The answer is all of the data repeated exactly, with each picture omitted.

(Material provided begins)

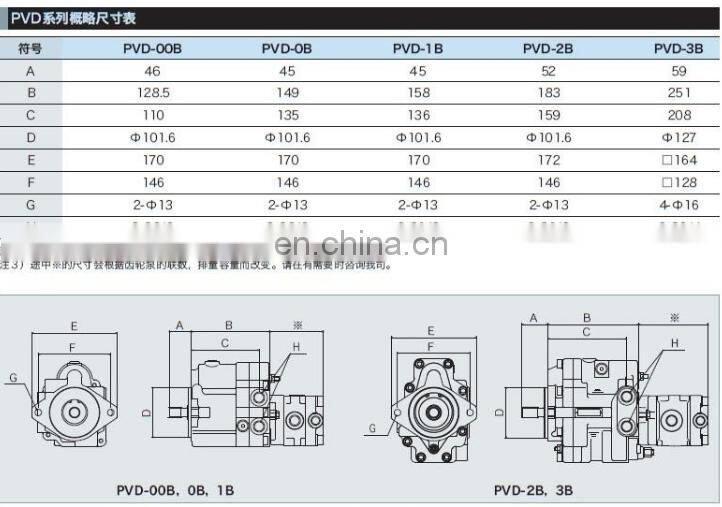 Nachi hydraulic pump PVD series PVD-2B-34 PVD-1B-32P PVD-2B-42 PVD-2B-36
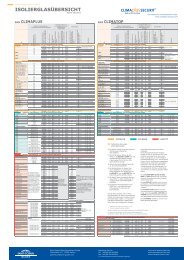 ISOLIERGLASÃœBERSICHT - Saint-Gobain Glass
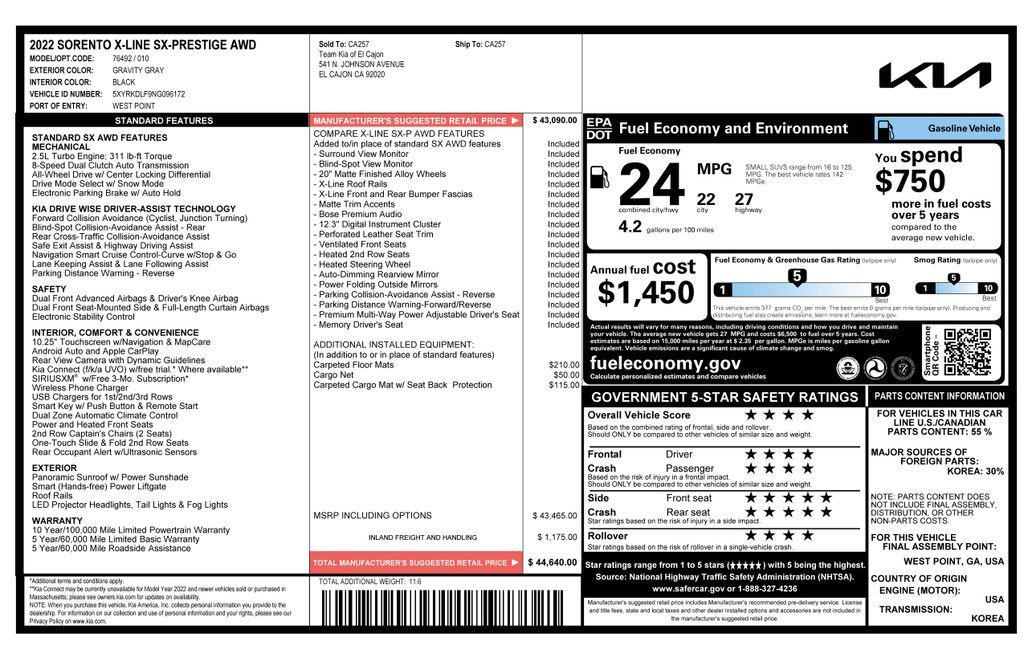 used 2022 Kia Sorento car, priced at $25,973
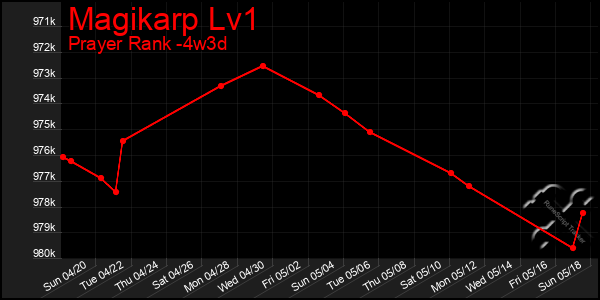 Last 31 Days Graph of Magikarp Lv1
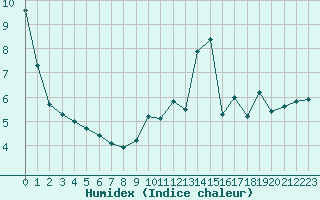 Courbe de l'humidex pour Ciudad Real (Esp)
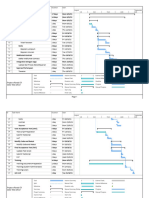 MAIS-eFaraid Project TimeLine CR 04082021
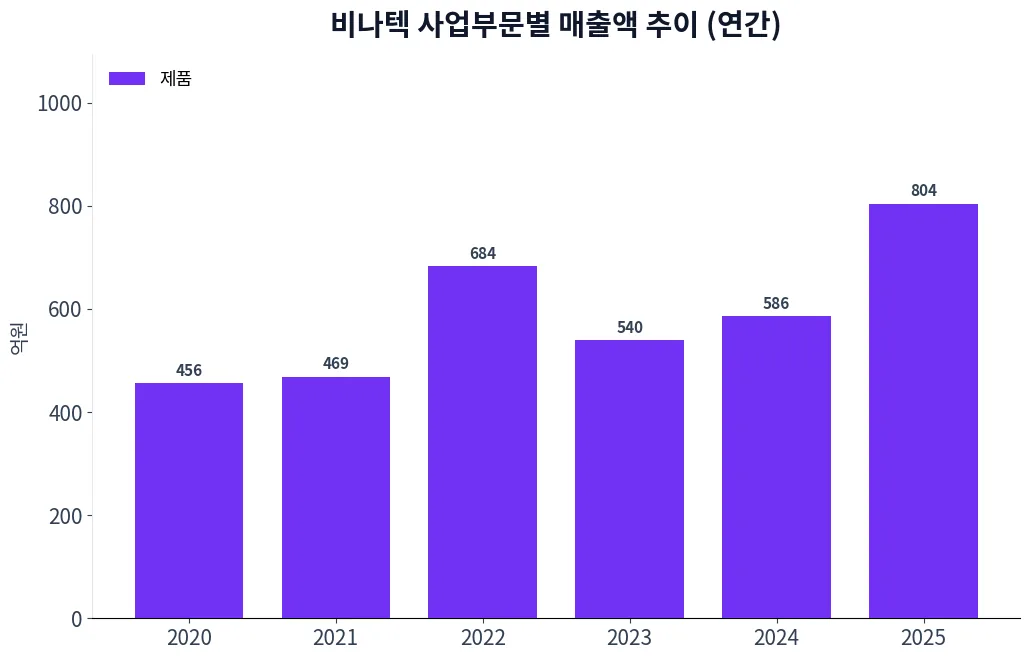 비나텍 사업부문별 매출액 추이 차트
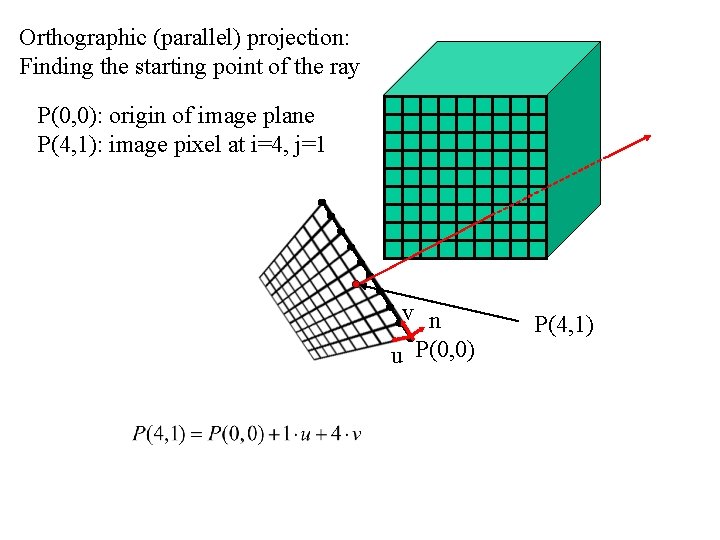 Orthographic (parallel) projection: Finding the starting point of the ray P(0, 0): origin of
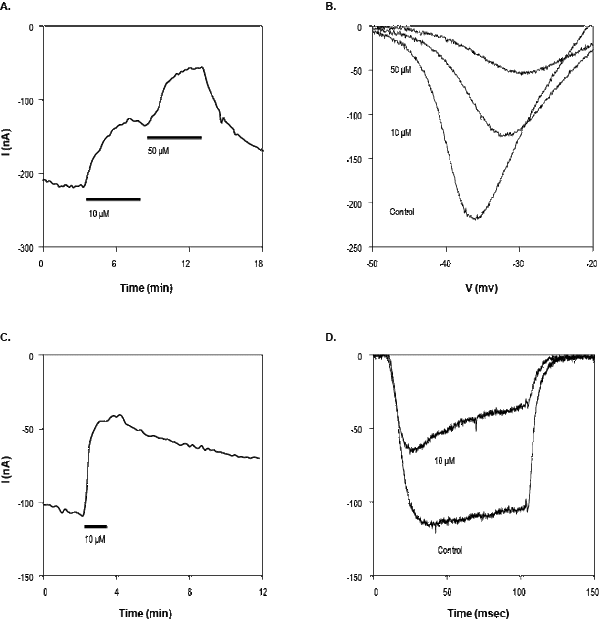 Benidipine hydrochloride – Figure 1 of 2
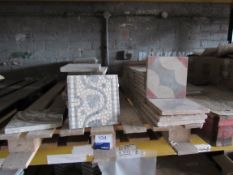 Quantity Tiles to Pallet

(Material provided ends)

Task response
 Nachi hydraulic pump PVD series PVD-2B-34 PVD-1B-32P PVD-2B-42 PVD-2B-36
 ISOLIERGLASÃœBERSICHT - Saint-Gobain Glass
 used 2022 Kia Sorento car, priced at $25,973
 Last 31 Days Graph of Magikarp Lv1
 Courbe de l'humidex pour Ciudad Real (Esp)
 MAIS-eFaraid Project TimeLine CR 04082021
 비나텍 사업부문별 매출액 추이 차트
 Orthographic (parallel) projection: Finding the starting point of the ray P(0, 0): origin of
 Benidipine hydrochloride – Figure 1 of 2
 Quantity Tiles to Pallet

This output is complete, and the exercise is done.